63      En l’espèce, le Tribunal sera appelé à statuer, dans le cadre du litige principal, sur le point de savoir si la décision attaquée, par laquelle la Commission a décidé de divulguer à un tiers des documents provenant de la Hongrie, doit être annulée. À cet égard, il est évident que, pour conserver l’effet utile d’un arrêt annulant la décision attaquée, la Hongrie doit être en mesure d’éviter que la Commission ne procède prématurément à une divulgation desdits documents. Or, un arrêt d’annulation serait rendu illusoire et privé d’effet utile si la présente demande en référé était rejetée, ce rejet ayant pour conséquence de permettre à la Commission la divulgation immédiate des documents litigieux et donc de facto de préjuger du sens de la future décision au fond, à savoir un rejet du recours en annulation.

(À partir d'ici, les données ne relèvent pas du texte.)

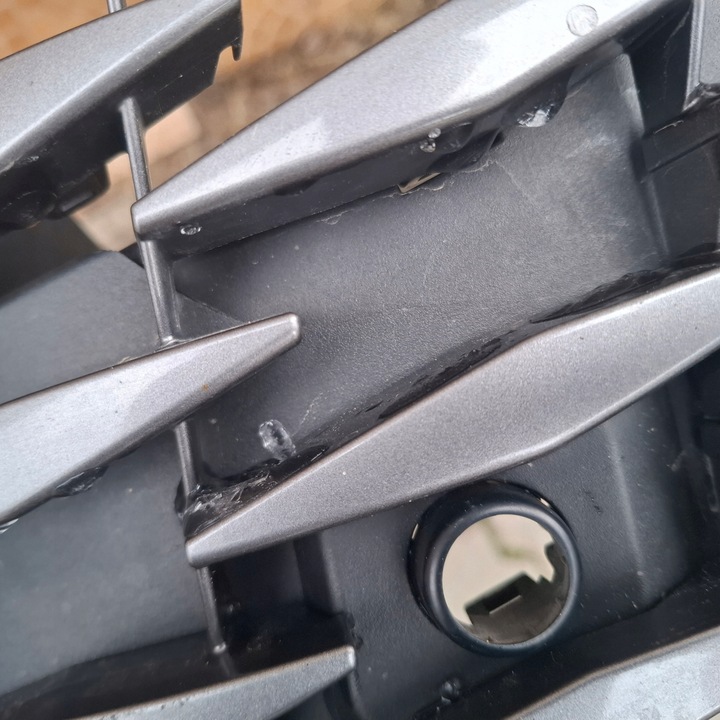 фото №9, Бампер перед переднє решітка радіатора решітка впуск lexus rx 500 h v 5 22-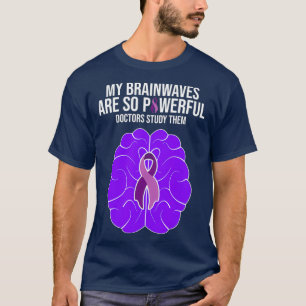 Camiseta Epilepsia Conciencia Vestimenta Mis Regalos Brainw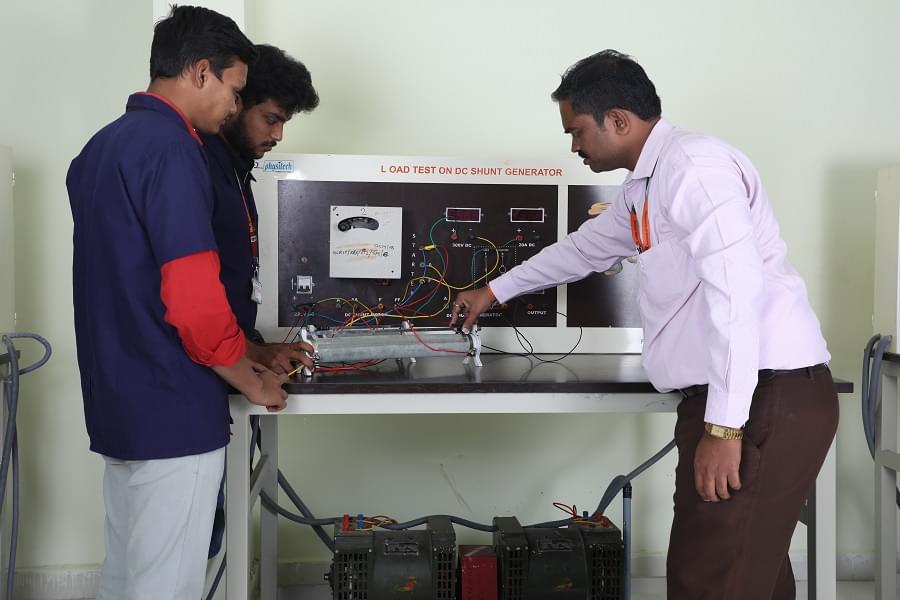 MLR Institute of Technology - MLID Labs & Infrastructure photo 16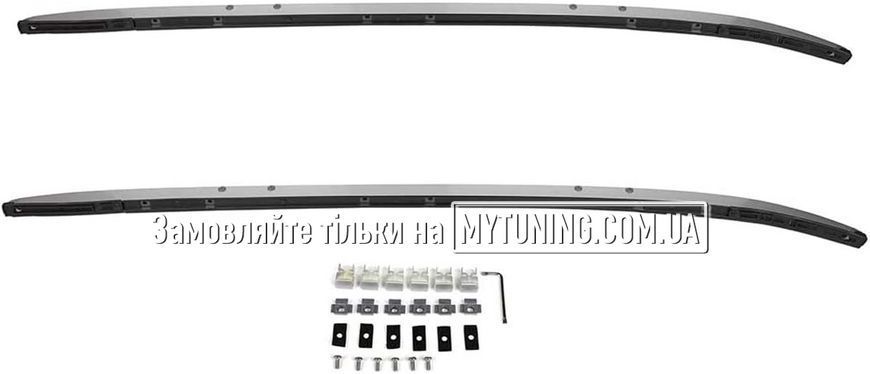 Рейлінги Havoc Mazda CX-5 2017-2026 інтегровані сірі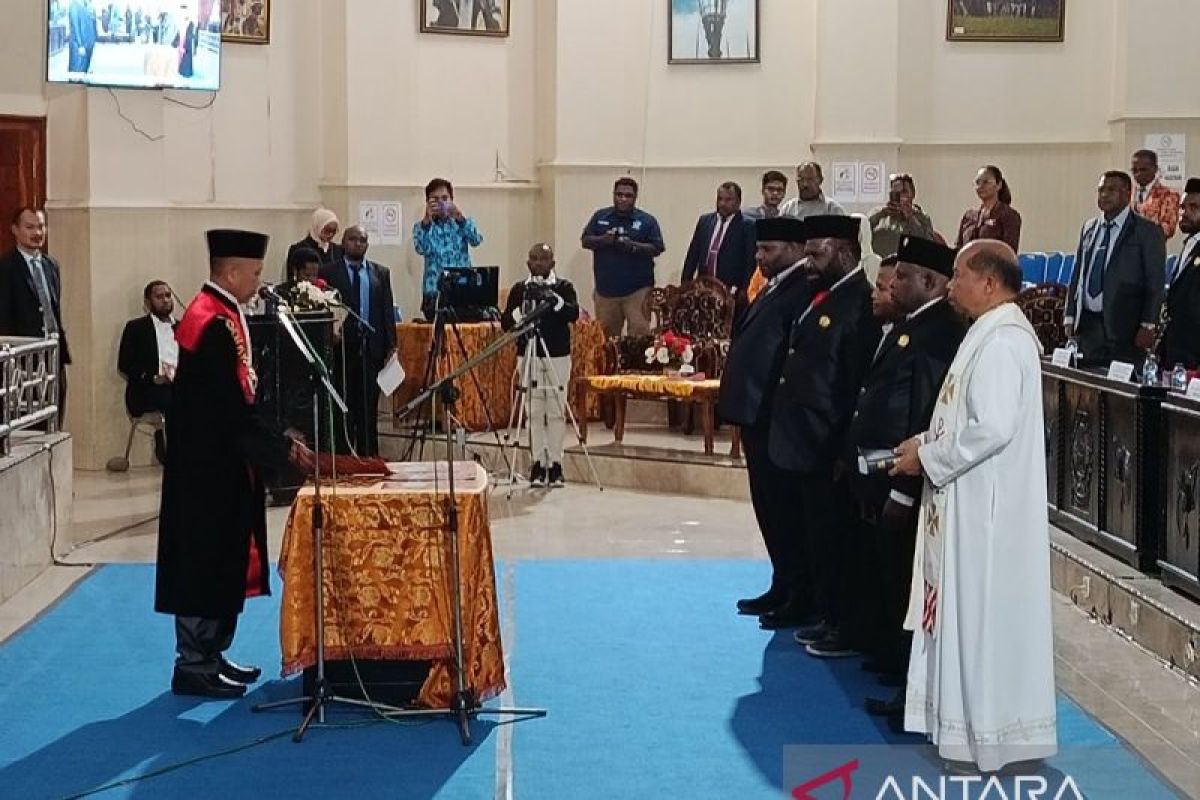 DPRK Jayawijaya gelar sidang paripurna penetapan pimpinan definitif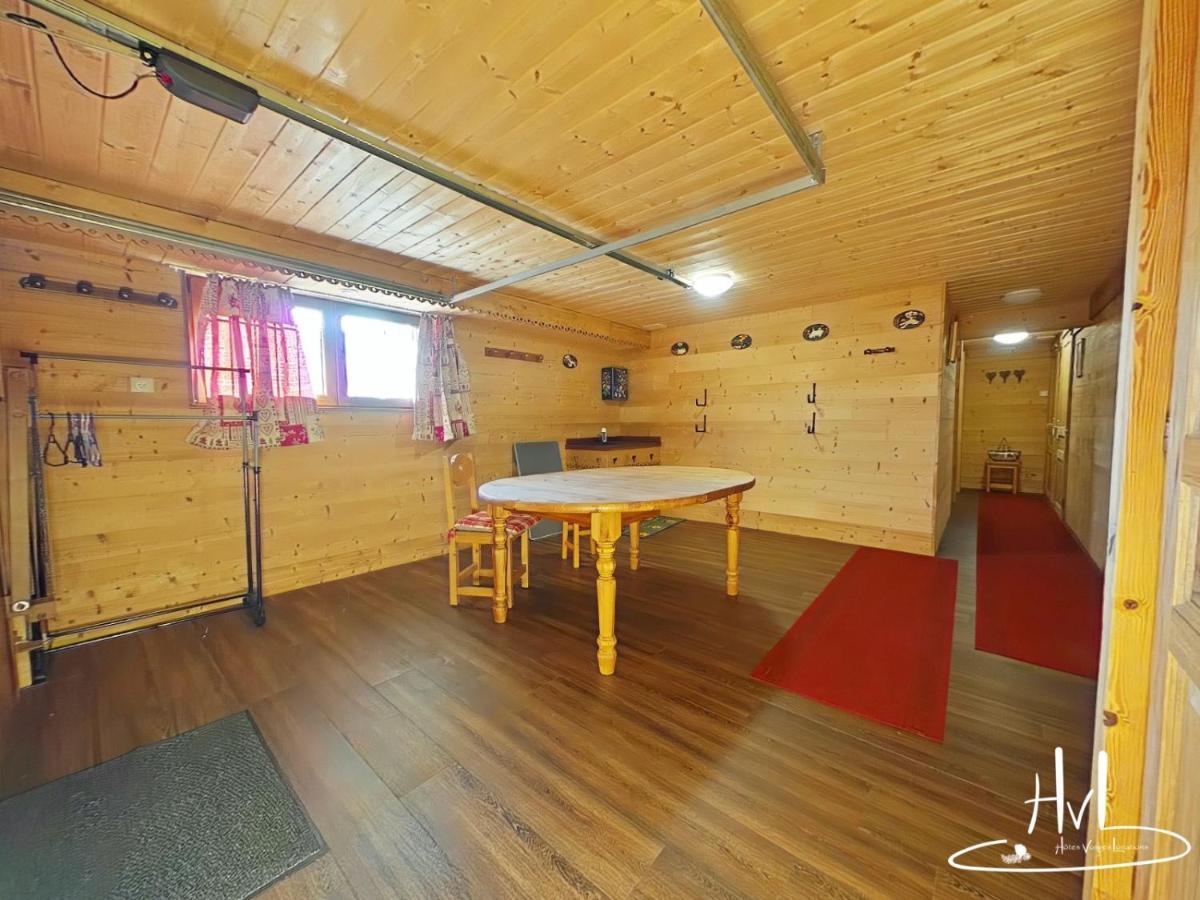 拉布雷斯Chalet Les Trois Vallees别墅 外观 照片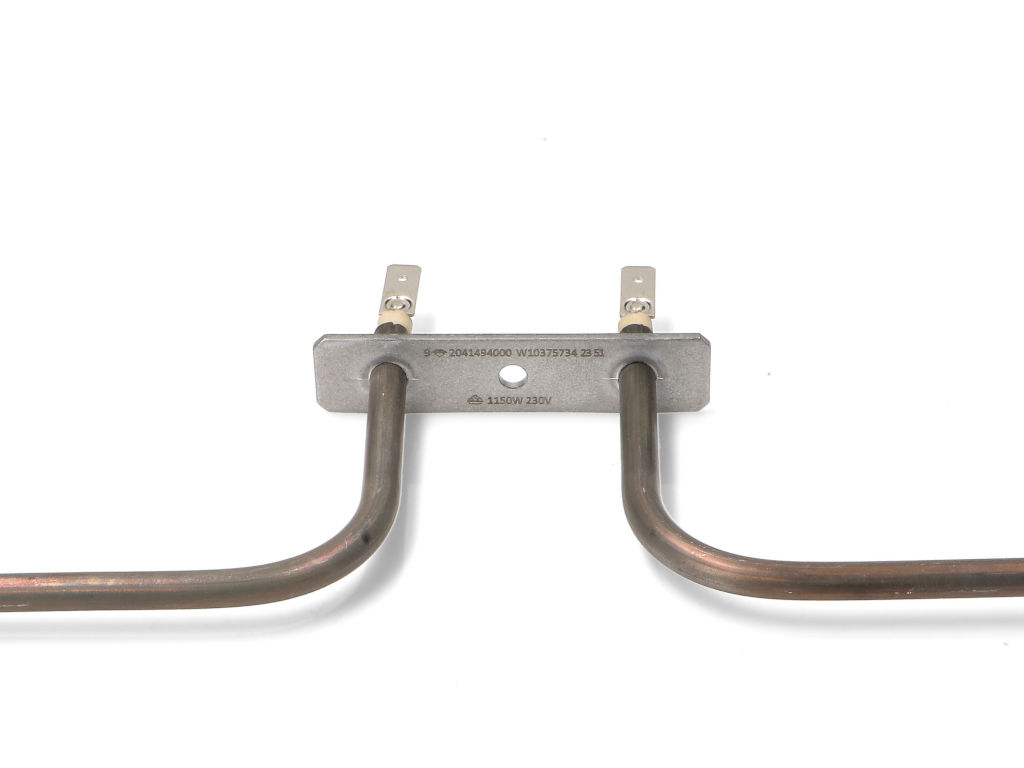 Topné těleso spodní 1150W 230V, do trouby BAUKNECHT, IGNIS, WHIRLPOOL 481010375734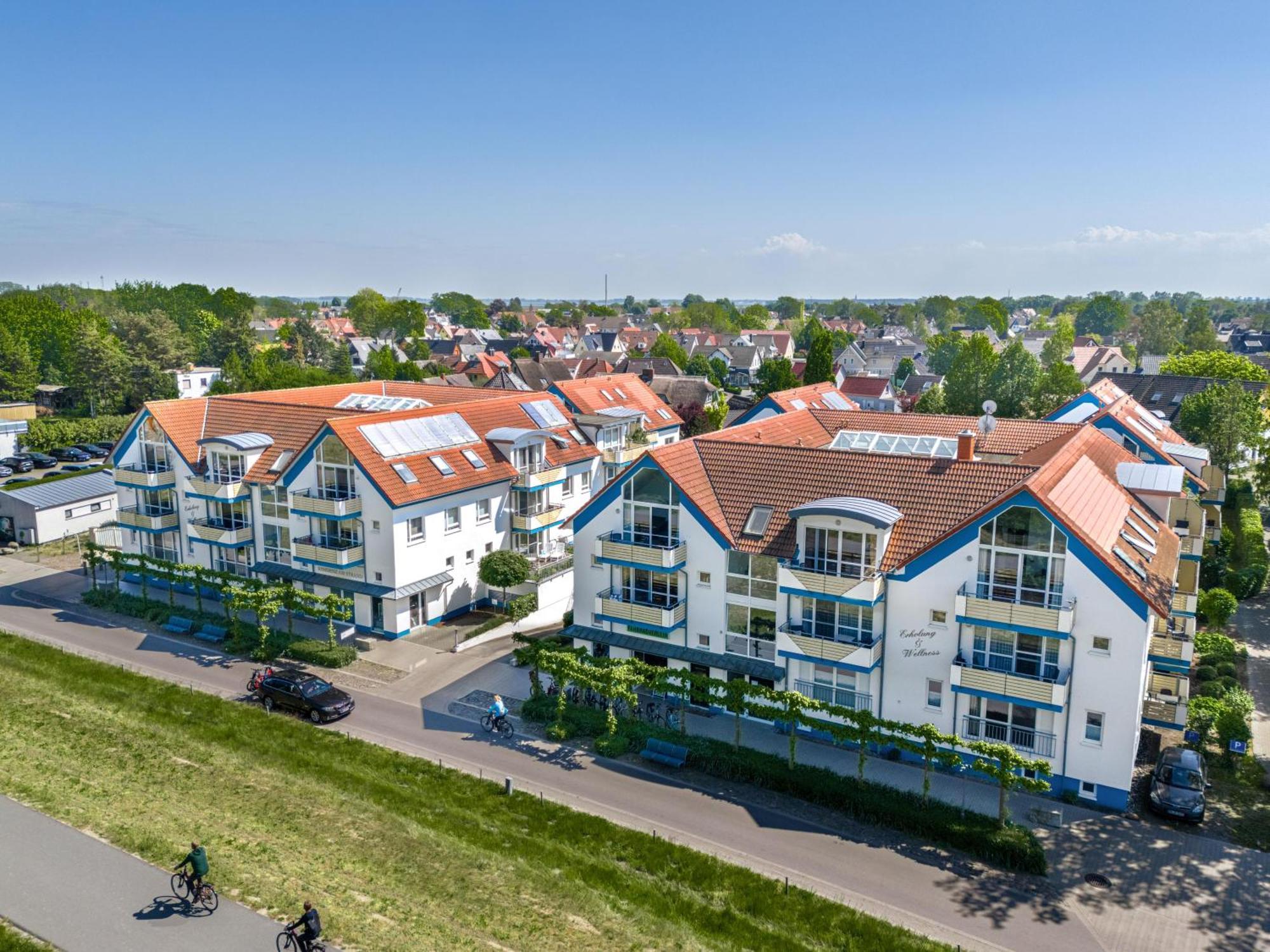 Residenz Am Strand Wohnung 4-56 징스트 외부 사진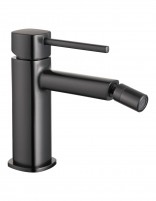 Grifo de bidé monomando - black gun metal TOSCANA de IMEX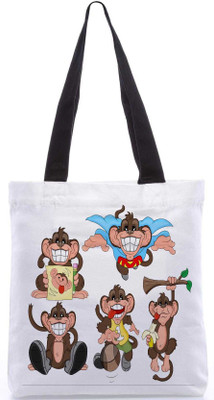 

Snoogg Tote(Multicolor)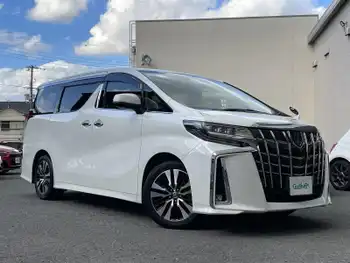 トヨタ アルファード S Cパッケージ ワンオーナー/両側パワスラ/Dインナミラー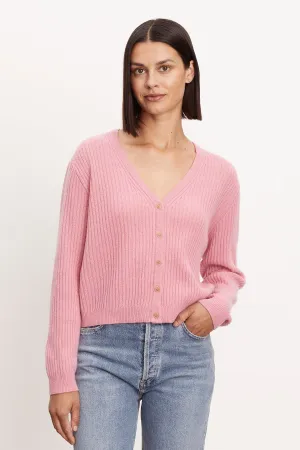 Coralie Cashmere Cardigan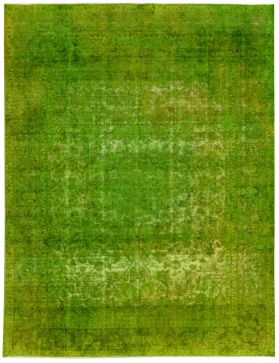 Tappeto Vintage  verde <br/>341 x 245 cm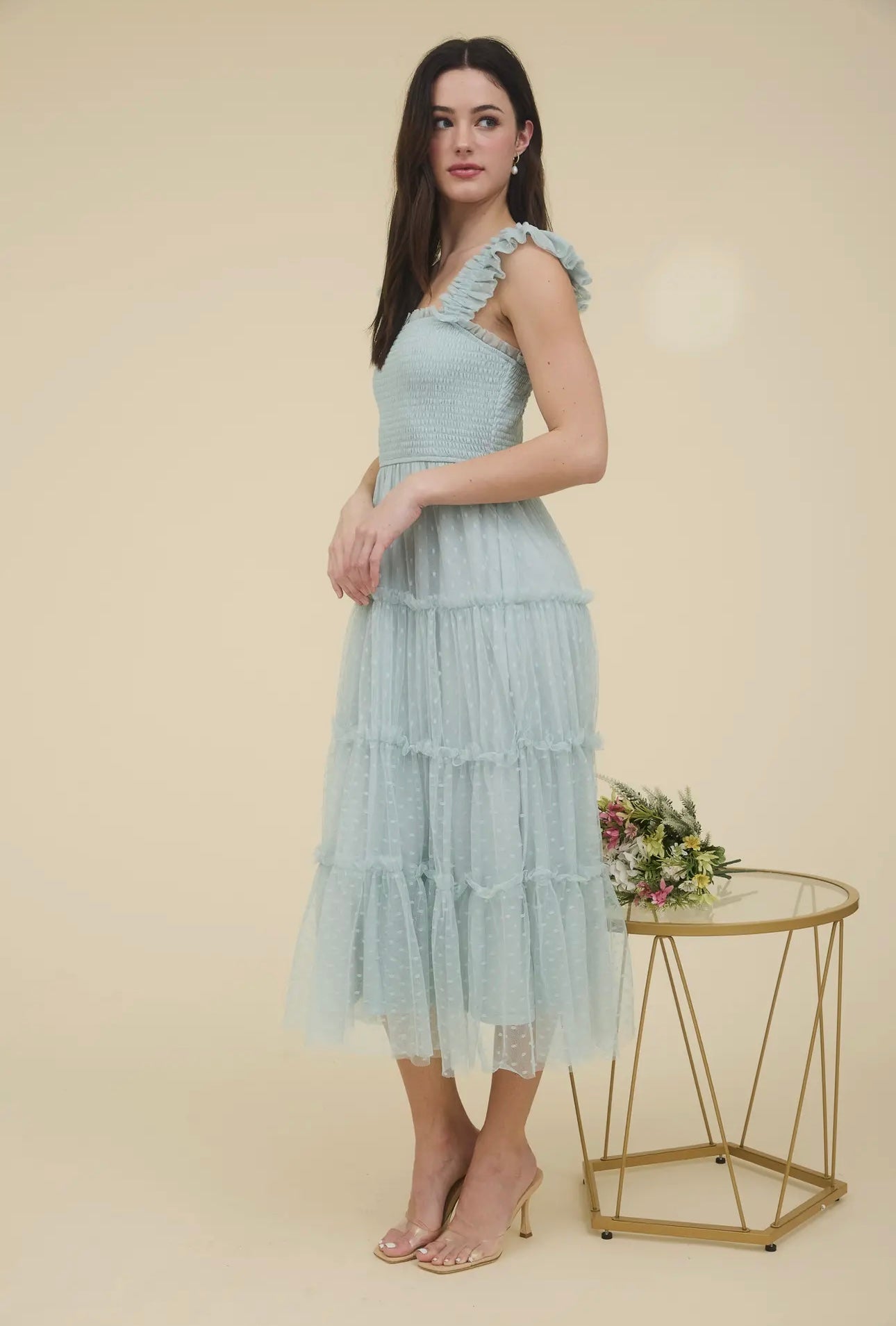 Fairytale Chiffon Midi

64      Dans ce contexte, il convient de rappeler également que la Commission elle-même ne s’oppose pas au sursis de la décision attaquée.

65      Il s’ensuit que l’intérêt à un rejet de la demande en référé doit céder devant l’intérêt défendu par la Hongrie, d’autant plus que l’octroi du sursis à exécution sollicité ne reviendrait qu’à maintenir le statu quo pour une période limitée, alors que rien ne permet d’affirmer qu’une divulgation prématurée des documents litigieux répondrait à un besoin impérieux.

66      En conséquence, toutes les conditions étant réunies à cet effet, il y a lieu de faire droit à la demande de sursis à l’exécution de la décision attaquée.

67      En vertu de l’article 158, paragraphe 5, du règlement de procédure, il convient de réserver les dépens.

Par ces motifs,

LE PRÉSIDENT DU TRIBUNAL

ordonne :

1)      Il est sursis à l’exécution de la décision de la Commission européenne du 14 décembre 2021, adoptée conformément au règlement (CE) no 1049/2001 du Parlement européen et du Conseil, du 30 mai 2001, relatif à l’accès du public aux documents du Parlement européen, du Conseil et de la Commission, ayant pour objet la demande confirmative GestDem 2021/2808 visant à garantir l’accès du public à des documents émanant des autorités hongroises, dans la mesure où cette décision accorde l’accès aux documents émanant de ces autorités.

2)      Les dépens sont réservés.

Fait à Luxembourg, le 8 juin 2022.

Le greffier

 

Le président

E. Coulon

 

M. van der Woude


*      Langue de procédure : le hongrois.